None more so than the ‘Water Supply Project’ (WSP), which will provide a new source of water not just for the Dublin area, but for the entire eastern half of the country.
The wet clouds have returned to Ireland in recent weeks.
While raindrops have fallen from the skies, the headlines about water supplies and reservoir levels have dropped off the front pages. You would be forgiven for thinking the problem has gone away.
But it won’t be long until the alarm bells ring once more. We’ve heard them a number of times over the past few years – and at an ever-increasing frequency.
The most recent water shortage over the summer saw a hosepipe ban put in place across the country – a ban that was only lifted at the end of September.
This ban, which followed several months of lower than normal rainfall, follows three other water supply issues over the past two years.
If you are a business or resident in Dublin, you should prepare yourself for more of the same in the coming months and years too.
That is until, as a country, we pull our heads out from under the duvet and start dealing with issues properly.
Opposition
Zurich resident and WSP opponent Emma Kennedy, speaking to the Irish media over the summer, made a very valid point that part of the solution is to deal with the issue of the leaking pipes that are scattered across the Dublin region.
She must be thankful that she lives in a city that boasts one of the best-regarded water supplies in the world, where 80% of drinking water comes straight from natural springs, while the rest is drawn out of lakes.
The story in Dublin is a lot different; with 80% of the city’s water coming from the River Liffey, the remainder is drawn from the Vartry Reservoir.
This means that the capital’s water supply lies at the mercy of the weather gods on a daily basis.
If the Dublin region were a car, it would be one that’s running on four bald tyres and with no spare in the boot.
That’s because the most amount of water that Irish Water can currently produce in a day for the Dublin region is 640 million litres. Yet, daily demand sits at around 570 litres, leaving little room for manoeuvre.

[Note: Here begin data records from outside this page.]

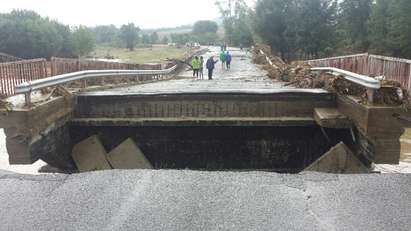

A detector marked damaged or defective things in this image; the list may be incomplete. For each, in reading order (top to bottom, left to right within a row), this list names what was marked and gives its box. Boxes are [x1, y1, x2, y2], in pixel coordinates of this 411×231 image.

broken concrete slab [71, 135, 112, 171]
broken concrete slab [107, 137, 154, 170]
broken concrete slab [306, 143, 370, 173]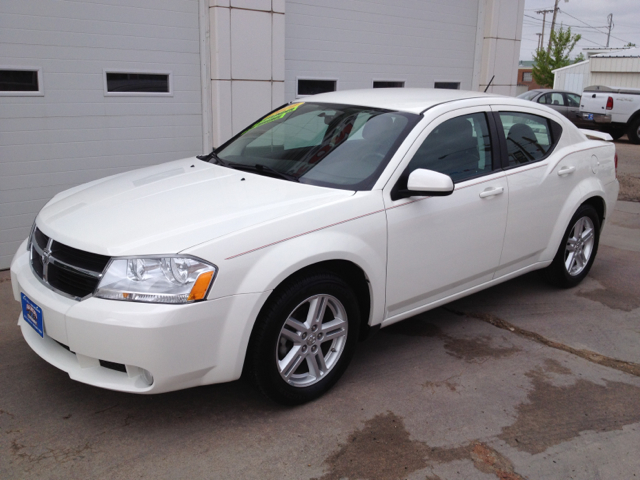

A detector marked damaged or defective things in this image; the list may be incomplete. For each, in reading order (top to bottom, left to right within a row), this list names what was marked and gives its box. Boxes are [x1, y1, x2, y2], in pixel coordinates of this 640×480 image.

cracked pavement [1, 140, 640, 480]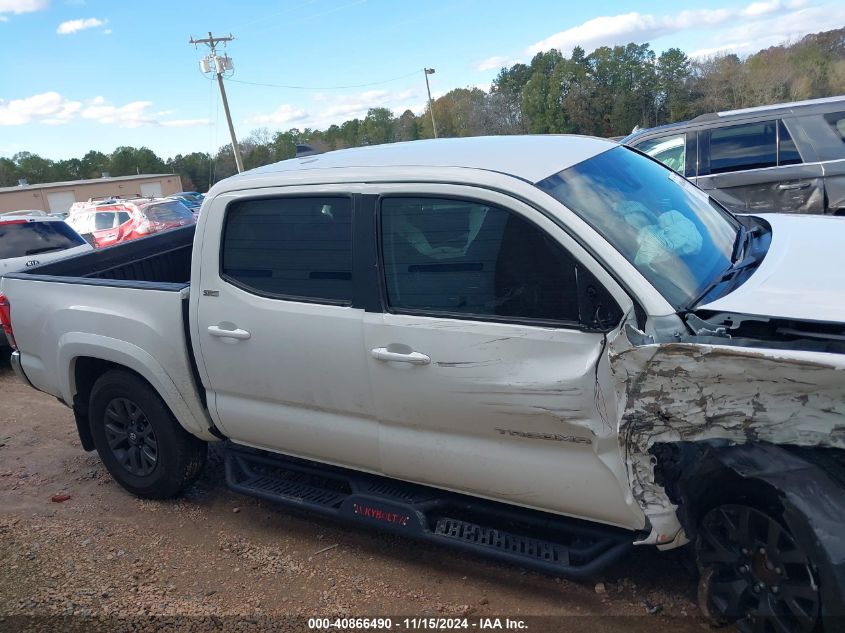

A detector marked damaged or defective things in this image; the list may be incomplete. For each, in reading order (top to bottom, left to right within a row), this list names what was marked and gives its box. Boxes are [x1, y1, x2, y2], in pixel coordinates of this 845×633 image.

When demand increases – as it did during last winter’s freeze and during the drought in the summer – the region is in trouble.
That’s not a pretty picture for businesses to be looking at – particularly large firms abroad looking at Ireland as a potential location to invest and bring jobs.
Be it tax rates, skills, energy or broadband, businesses expect and require certainty of supply. Water is no different. Our competitor cities abroad can offer them the assurances they need – it’s vital we can do the same here.
Under-investment
This worrying situation is the result of successive decades of under-investment in our water infrastructure. Our failure to maintain our pipes means – depressingly – that 37% of the Dublin region’s water leaks out into the ground.
Emma Kennedy is correct in her contention that Irish Water must focus on fixing these leaking pipes and on bringing leakage rates much lower. Irish Water has committed to doing that, with €125 million per annum being spent on fixing pipes.
That’s welcome, but fixing the pipes alone won’t be enough. Even if we could somehow magic up a drop to 25% leakage tomorrow, the amount of water available to Dublin still wouldn’t be enough to safeguard the region against a drought or significant outage.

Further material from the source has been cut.